My daughter will be turning 2 in January. So for my wife and I, its time for us to start planning for her college. Should we go for a College 529 plan, an Education IRA or a Regular Investment account ? What should we do?
So I started researching the various college savings options available. I decided to go to the Vanguard website because Vanguard is the most conservative mutual fund company I know of, because as far as saving for college is concerned I dont want to invest too aggressively. So here is what I found.
529 College savings Plan
529 plans enable you to invest for higher education free of federal and, sometimes, state income taxes. States or schools can sponsor a 529 plan. Most are open to residents of all states. Some plans allow you to invest between $200,000 and $300,000 on behalf of one child, so a 529 plan may be your best bet for fully funding a college education.
Enjoy investing flexibility, high contribution limits, and tax advantages to save for college and graduate school.
The money can ONLY be used for college.
And If your kid doesn’t go to college, you may name another eligible family member as beneficiary on the account and use the 529 assets to pay for that person’s education. If no eligible family members can be named beneficiary, then you might have to close the account, paying federal and possibly state income taxes and a 10% federal penalty tax on earnings not used for qualified higher-education expenses.
Education Savings Account
you can invest for any level of a child’s education–primary school, high school, college, or beyond. And you can start investing for that child from birth. The money is taxed at the child’s tax rate, which is typically lower than the parents’ rate.

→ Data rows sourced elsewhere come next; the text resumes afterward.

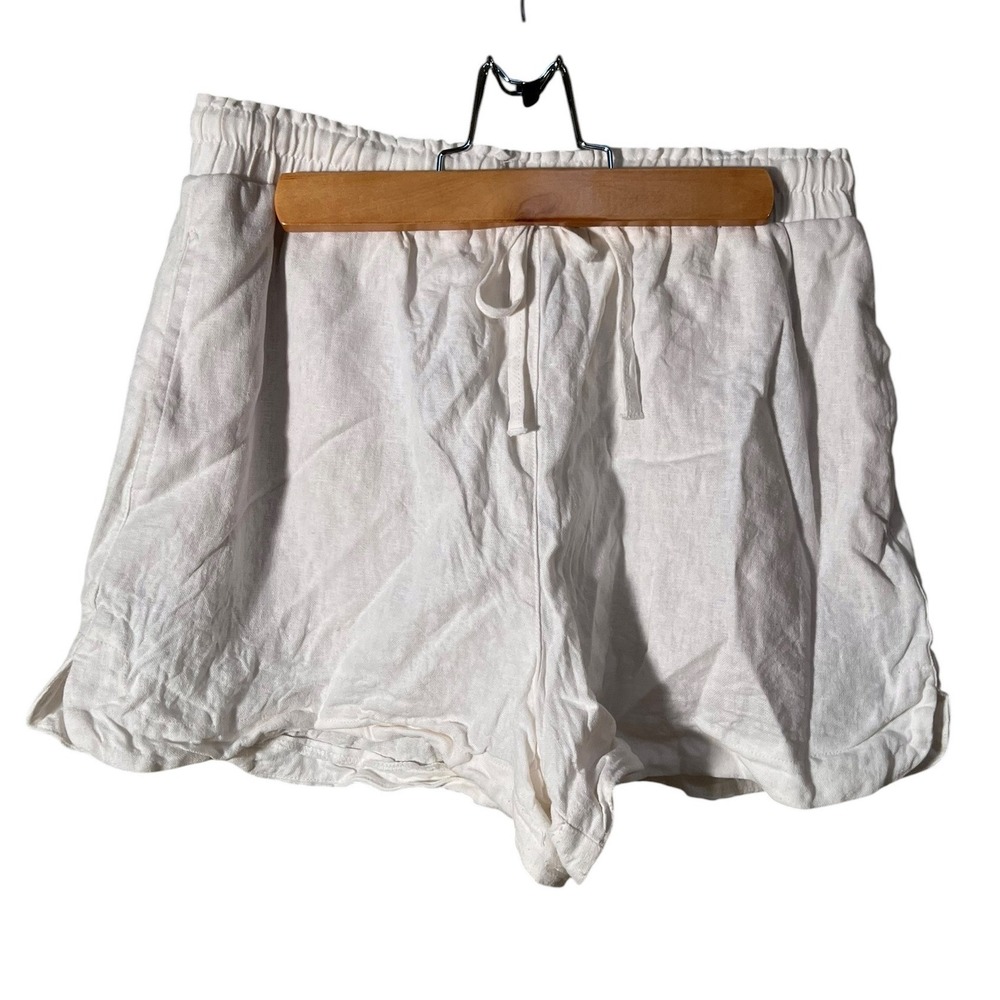 Stradivarius Women's Size Small Shorts Pull On Elastic Tie Waist Pockets White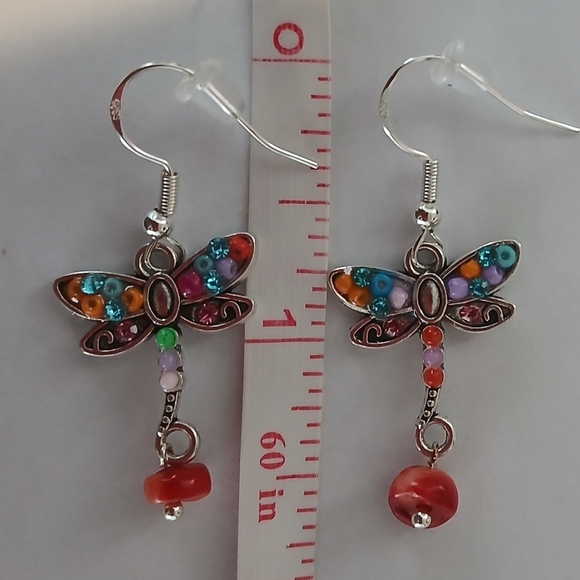 Red and Blue Dragonfly Earrings with Silver Hooks - Picture 4 of 4
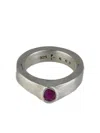 Parts Of Four Stigma Ruby-set Silver Ring In Metallic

Although contributions aren’t tax-deductible, your earnings grow tax-free and withdrawals are free from federal income taxes when used for qualified education expenses.
You can only contribute $2000 a year.
A tax-advantaged way to save for a child’s future, for higher education or any other purpose that benefits the child.
The accounts dont have any contribution limits, though contributions above a certain amount will trigger the federal gift tax.
When the child turn 18, he/she gains control of the money and they can do anything with the money.